Results of this study demonstrate feasibility of [¹⁸F]mFBG PET-CT for neuroblastoma imaging. More neuroblastoma localisations were detected on [¹⁸F]mFBG PET-CT compared to [¹²³I]mIBG scanning. [¹⁸F]mFBG PET-CT shows promise for future staging and response assessment in neuroblastoma.

Trial registration

Dutch Trial Register NL8152.

中文翻译：

[18F]mFBG PET-CT 用于检测和定位神经母细胞瘤：一项前瞻性试点研究

目的

间位-[ ¹⁸ F] 氟苄基胍 ([ ¹⁸ F]mFBG) 是一种正电子发射断层扫描 (PET) 放射性示踪剂，可对表达去甲肾上腺素转运蛋白的肿瘤进行快速高分辨率成像。^{该初步研究调查了 [ 18} F]mFBG PET-CT 在神经母细胞瘤中成像的可行性。

方法

在一项前瞻性单中心研究中，我们招募了患有神经母细胞瘤的儿童，转诊进行间[ 123 ^I ] 碘代苄基胍 ([ ¹²³ I]mIBG) 扫描，包括全身平面闪烁扫描结合单光子发射计算机断层扫描-CT （SPECT-CT）。^{在 [ 123} I]mIBG 扫描的两周内，在注射 [ ¹⁸ F]mFBG (2 MBq/kg)后 1 小时和 2 小时进行全身 PET-CT 。比较扫描对上检测到的肿瘤定位。
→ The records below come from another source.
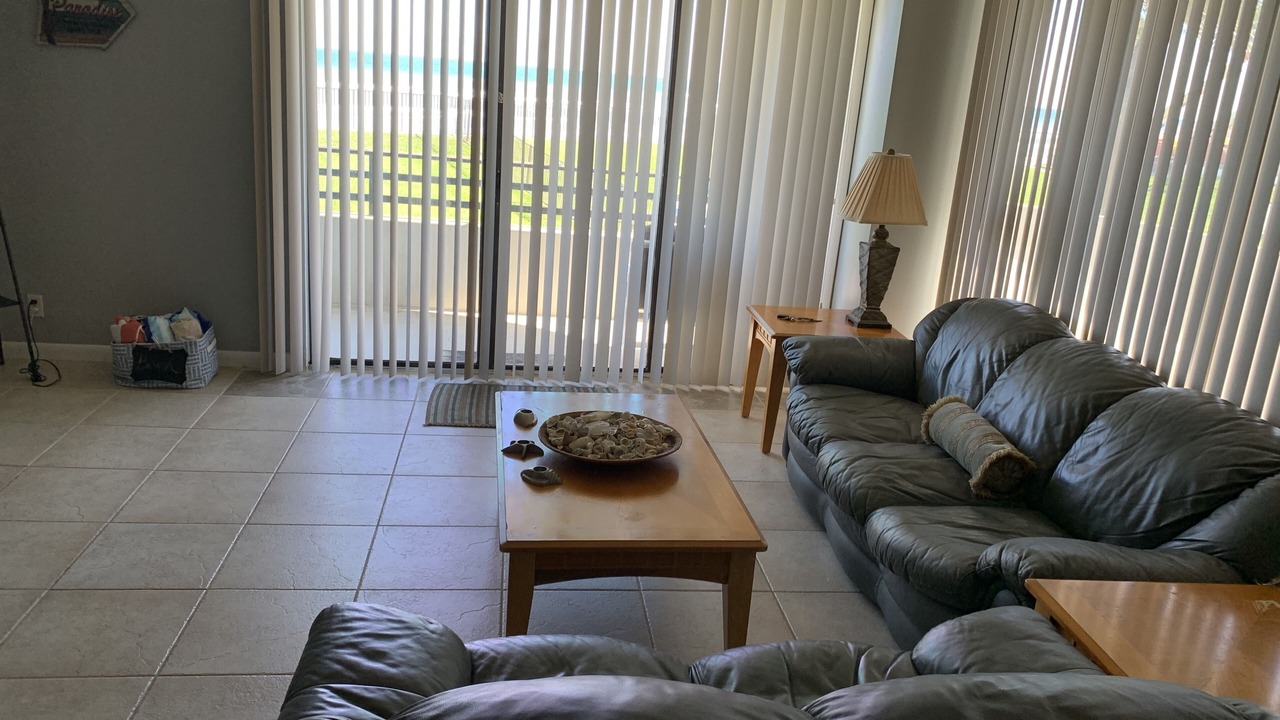 Photo of Livingroom in Daytona Beach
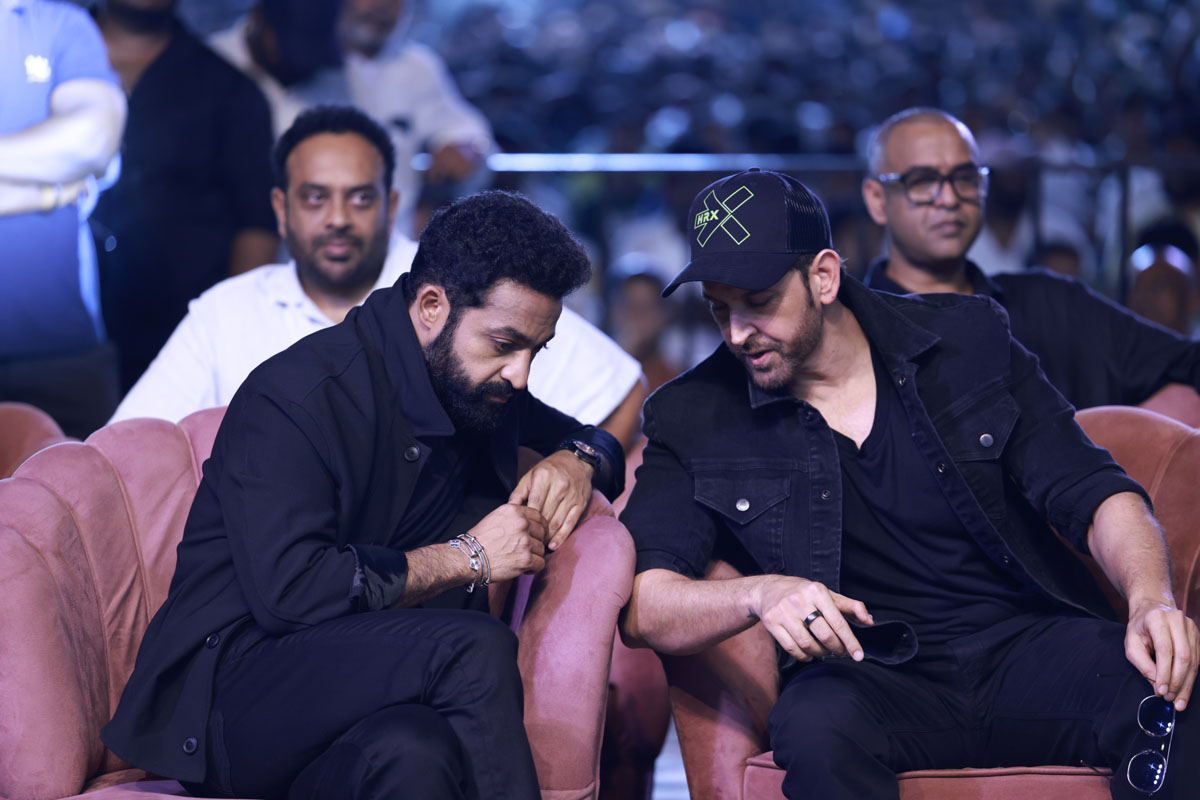 NTR Jr and Hrithik Roshan engaged in conversation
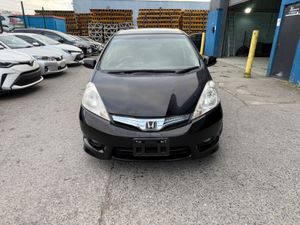 2012 Honda Fit Shuttle Hybrid - Image 2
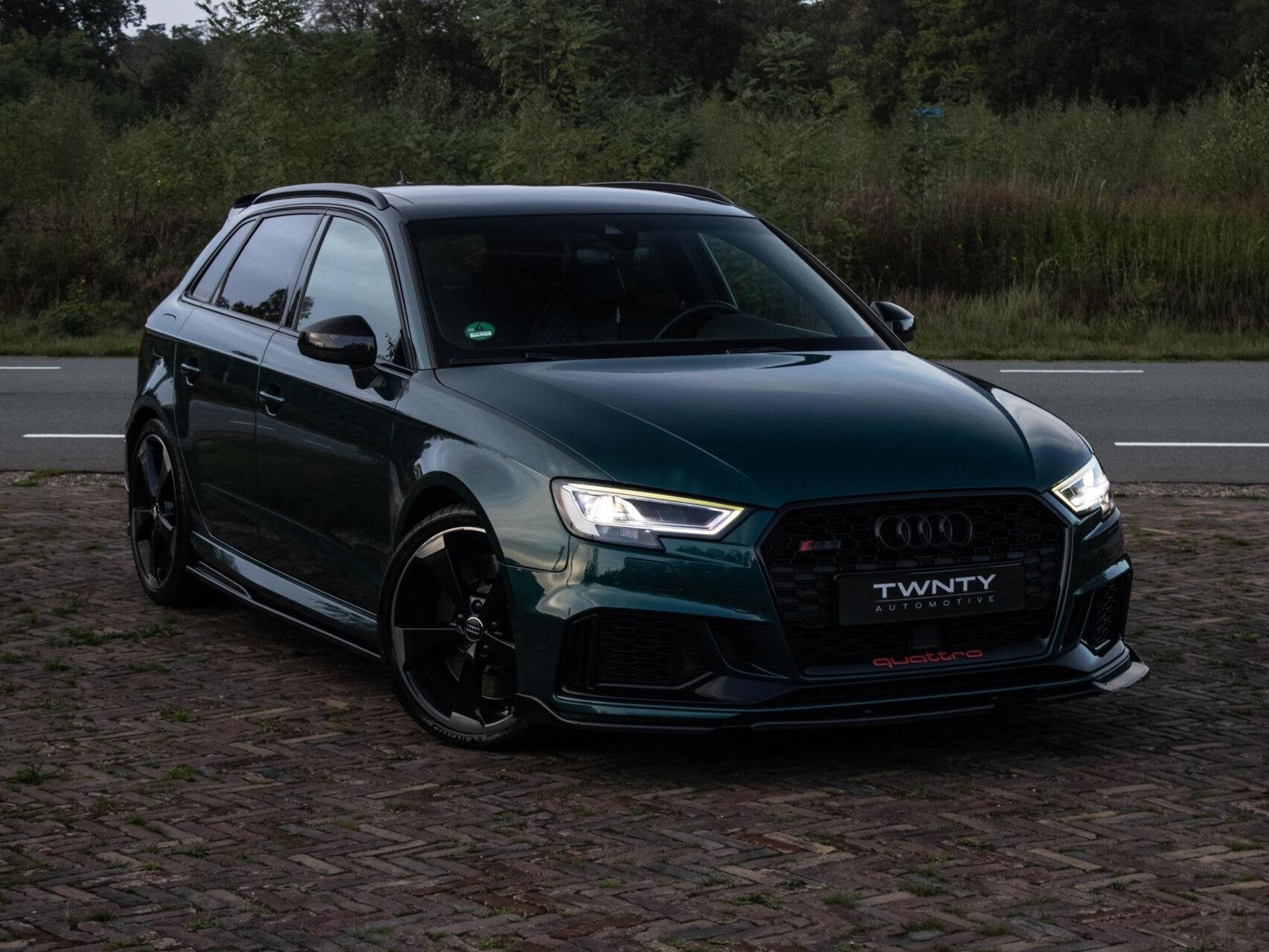 Audi RS 3 Sportback 2.5 TFSI Quattro|Stage 2|Pano|B&O|Matrix, Automaat, Dealer onderhouden, Gebruikt, RS3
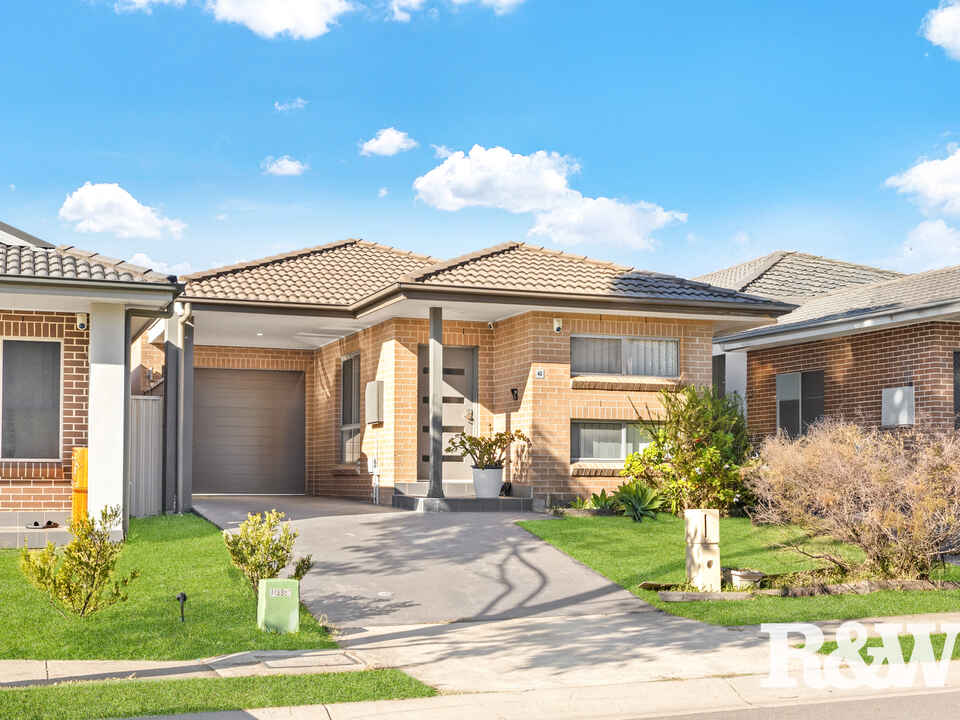 40 Waring Crescent Plumpton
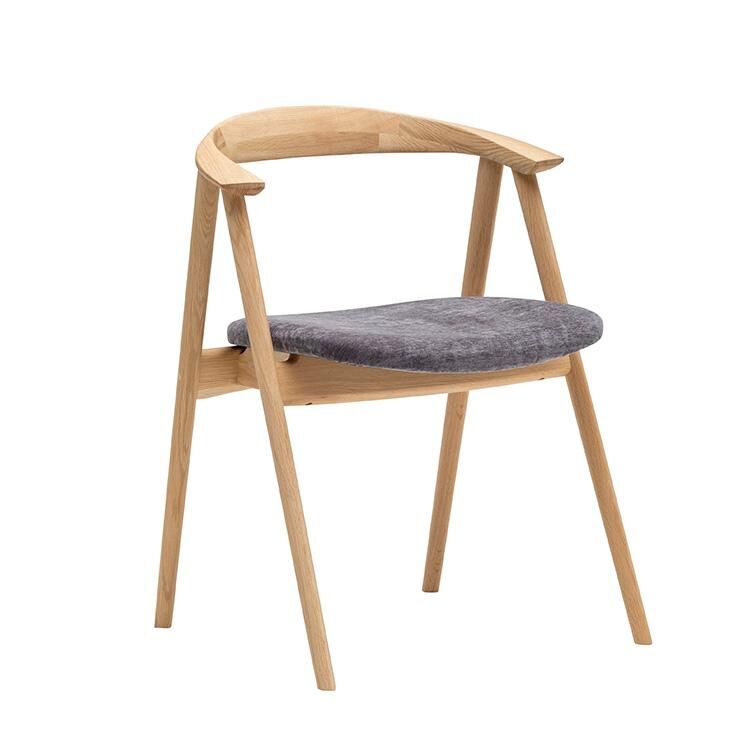 CW76 短扶手餐椅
软组织疾病通过 SIOPEN 评分的病变数量和骨骼疾病进行量化。

结果

对 14 名患者（中位年龄 4.9 岁， n = 13 名 4 期疾病和n = 1 名 4S 期）进行了20 对 [ ¹²³ I]mIBG 和 [ ^{18 F]mFBG 扫描。}[ ¹⁸ F]mFBG 注射耐受性良好，所有患者均未发生相关不良事件。^{[ 18} F]mFBG PET-CT的平均扫描时间（9.0 分钟，SD 1.9）明显短于 [ ¹²³ I]mIBG 扫描（84.5 分钟，SD 10.5），p < 0.01。大多数肿瘤定位是在注射后 1 小时和注射后 2 小时检测到的 [ ¹⁸ F]mFBG PET-CT。与 [ ¹²³ I]mIBG 扫描相比，[ ¹⁸F]mFBG PET-CT 分别在 40%、55% 和 5% 的扫描对中检测到较高、相等和较低数量的软组织病变，在 55%、30% 的扫描对中检测到较高、相等和较低的 SIOPEN 评分％和 15％的扫描对，分别。^{与 [ 123} I]mIBG 扫描相比，[ ¹⁸ F]mFBG PET-CT平均每名患者多检测到两个软组织病变和高 6 分的 SIOPEN 评分。